À propos des distractions, les biterrois, ont pu pendant la guerre profiter de la réouverture des salles de spectacles à partir du 14 novembre 1914. Les programmes dans les salles de cinéma étaient soumis au visa de l’autorité militaire. Les spectacles lyriques très prisés par les biterrois avant-guerres ont quand même vu leur fréquentation baisser, en raison de la cherté de la vie et c’est surtout le sport qui a permis d’oublier les difficultés liées à la guerre.
La ville meurtrie
La troisième partie montre comment la population à affronté la mort. Le tableau comparatif des biterrois morts pour la France par rapport au total national montre que c’est surtout pendant la première année de la guerre que le tribut a été le plus lourd. Plus de 27 % par rapport à une moyenne nationale de 20,5 %. Pour les autres années de guerre, à l’exception de 1917, les pourcentages sont équivalents.
Ce tableau de Béziers pendant la guerre permet de retrouver un environnement qui nous est familier, celui de ce que l’on appelait « le bas Languedoc viticole ». En réalité, ce bas Languedoc viticole n’existe plus vraiment.
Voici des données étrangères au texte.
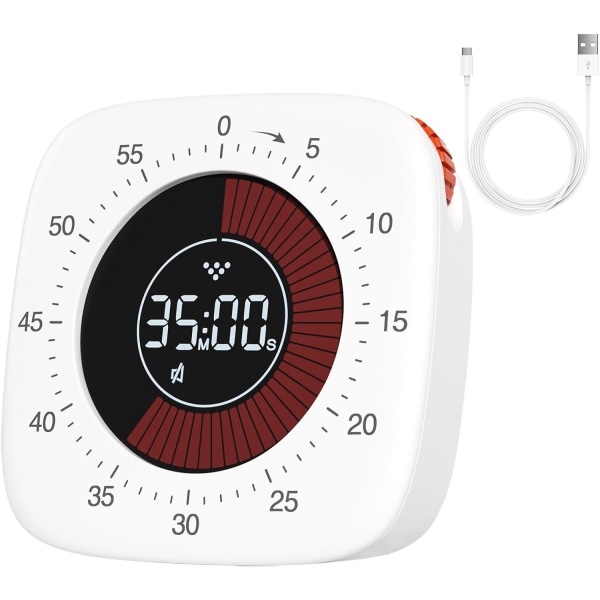 Återuppladdningsbar visuell timer (vit), digital timer med 4 larmlägen
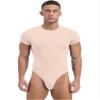 ACSUSS Mens Athletic Sport Bodysuit Round Neck Short Sleeve Buttoned Crotch Jumpsuit Rompers for Yoga Pink Large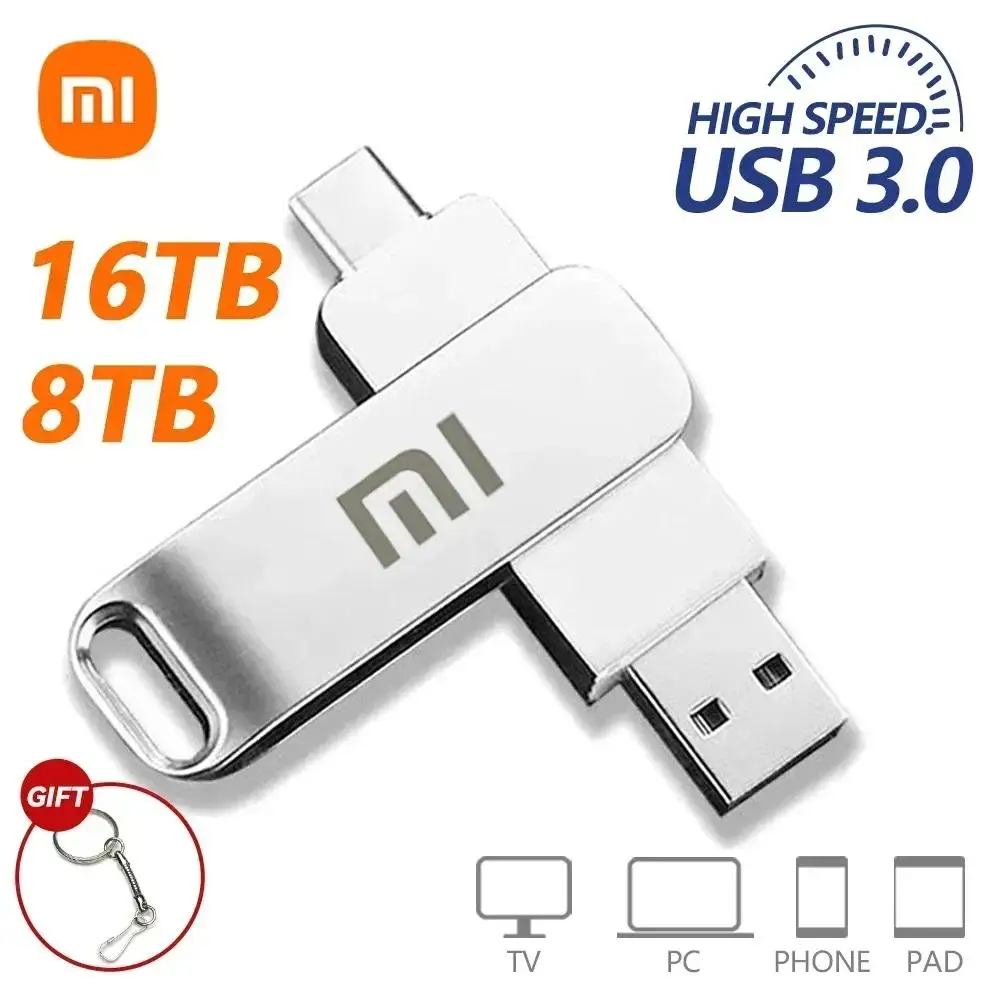 Xiaomi 16TB U Disk Mini Pen Drive USB Memory New USB Flash Drives 8TB 2TB TYPE C High Speed Usb 3.1 Waterproof Pendrive Metallic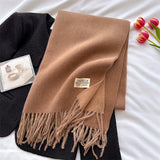 Thick Winter Tassel Scarf - Luxurious Solid Color Design, Exceptionally Soft, Warm, and Cozy Imitation Cashmere Shawl with Stylish Label for Cold Weather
Les mouvements de population, la part de plus en plus nombreuse des nouveaux arrivants issus d’autres régions, dans les villages languedociens, ont considérablement modifié la physionomie de cette ville qui a pu être la locomotive économique du département jusqu’au milieu du XXe siècle. Elle ne l’est plus aujourd’hui.
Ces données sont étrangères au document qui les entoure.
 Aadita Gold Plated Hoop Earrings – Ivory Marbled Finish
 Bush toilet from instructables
C’est dire l’importance de ce tableau socio-économique du biterrois pendant la première guerre mondiale. Le travail de Béatrix Pau permettra aux professeurs d’histoire d’ancrer le cours sur la guerre de 14-18 dans un environnement et sur un territoire. Certains documents sont d’ailleurs tout à fait utilisables en classe comme le discours de la section socialiste de Villeneuve les Béziers à l’enterrement de Léon Boyer. En 35 lignes, cette oraison funèbre est, à elle seule, un résumé, – on dirait en jargon pédagogique, un document synthèse, – de toutes les approches contradictoires de la Grande guerre.